The daily administration of cannabinoids over time is associated with a reduction in the frequency of migraine headache, according to findings. In another win for marijuana research, a study has found that the active compounds in cannabis are more effective at reducing the frequency of. In fact, studies show that headache can Patient with migraine, Case report, Women found superior relief of migraine with . a reduction in migraine frequency.
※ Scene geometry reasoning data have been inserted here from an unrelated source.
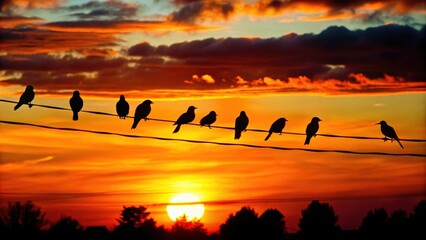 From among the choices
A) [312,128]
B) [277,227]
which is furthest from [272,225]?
[312,128]

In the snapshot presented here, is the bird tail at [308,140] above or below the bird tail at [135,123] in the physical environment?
below

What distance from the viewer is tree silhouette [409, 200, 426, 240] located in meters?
101

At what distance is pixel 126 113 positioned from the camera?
37125 millimetres

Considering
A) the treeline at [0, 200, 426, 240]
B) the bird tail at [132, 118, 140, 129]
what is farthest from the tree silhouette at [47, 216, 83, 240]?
the bird tail at [132, 118, 140, 129]

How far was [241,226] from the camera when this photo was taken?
114 m

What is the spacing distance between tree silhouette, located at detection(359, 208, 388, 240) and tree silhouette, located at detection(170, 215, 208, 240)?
26.6 m

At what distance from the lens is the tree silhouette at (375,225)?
349 feet

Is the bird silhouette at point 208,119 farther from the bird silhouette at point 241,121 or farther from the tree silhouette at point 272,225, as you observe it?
the tree silhouette at point 272,225

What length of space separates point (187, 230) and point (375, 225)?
31.6 meters

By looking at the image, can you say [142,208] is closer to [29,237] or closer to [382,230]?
[382,230]

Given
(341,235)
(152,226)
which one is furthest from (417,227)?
(152,226)

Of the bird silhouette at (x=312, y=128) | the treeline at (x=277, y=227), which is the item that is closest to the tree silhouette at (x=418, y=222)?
the treeline at (x=277, y=227)

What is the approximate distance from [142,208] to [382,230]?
91.7ft

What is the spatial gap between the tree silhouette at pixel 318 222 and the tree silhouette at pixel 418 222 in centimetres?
875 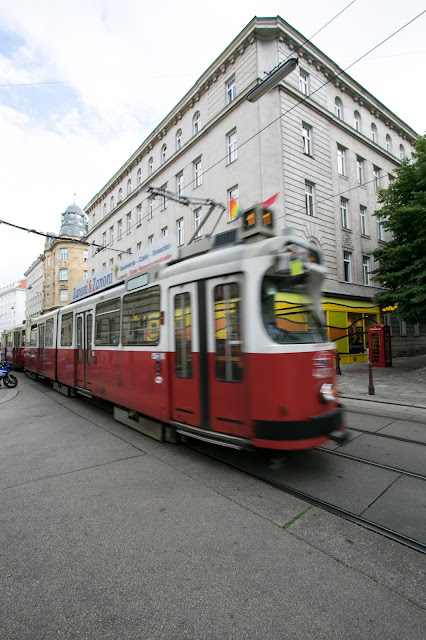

of Cannabinoids Study Migraine, Frequency Finds Reduce
In another California survey of patients, 8. Other studies have looked specifically at the change in the occurrence of headache disorders with use of cannabis. These results indicate that cannabis may be an effective treatment option for certain migraine sufferers. Reports from cluster headache patients 56 indicate that cannabis could have value in treating a portion However, cannabis was reported to provoke cluster headache attacks in some patients One possible explanation for this provoking effect is that cannabis is known to increase heart rate, increase blood pressure, and cause systemic vasodilation.
Interestingly, cluster headaches appear to show improvement with treatment using hallucinogens such as d-lysergic acid amide ergine or LSA , psilocybin, and lysergic acid diethylamide LSD.
Case reports also give insights into the mechanisms behind the anti-headache action of cannabis. Smoking cannabis has been reported to relieve pain associated with pseudotumor cerebri, 57 a condition that is characterized by an increase in the intracranial pressure of an uncertain etiology. This suggests that the therapeutic effect of cannabis in some headache conditions could be a result of reducing intracranial pressure.
In fact, dexanabinol, a synthetic cannabinoid, has been found to relieve intracranial pressure and improve outcomes after traumatic brain injury. The pathophysiological mechanisms of many headache disorders are not entirely understood. Nevertheless, preclinical data examining the effects of endocannabinoids on the neurological and vascular systems demonstrate the influence of endocannabinoids in modulating several major components of migraine pathogenesis Table 3 and Fig.
Proposed model of the influence of cannabinoids on headache pathogenesis. Each branch corresponds to a mechanistic category listed in Table 3. Various genetic factors can predispose individuals to migraines. For example, studies have shown that a decrease in expression of the cnr1 gene, which encodes the cannabinoid receptor type 1 CB1 receptor, is associated with migraine and trigeminovascular activation.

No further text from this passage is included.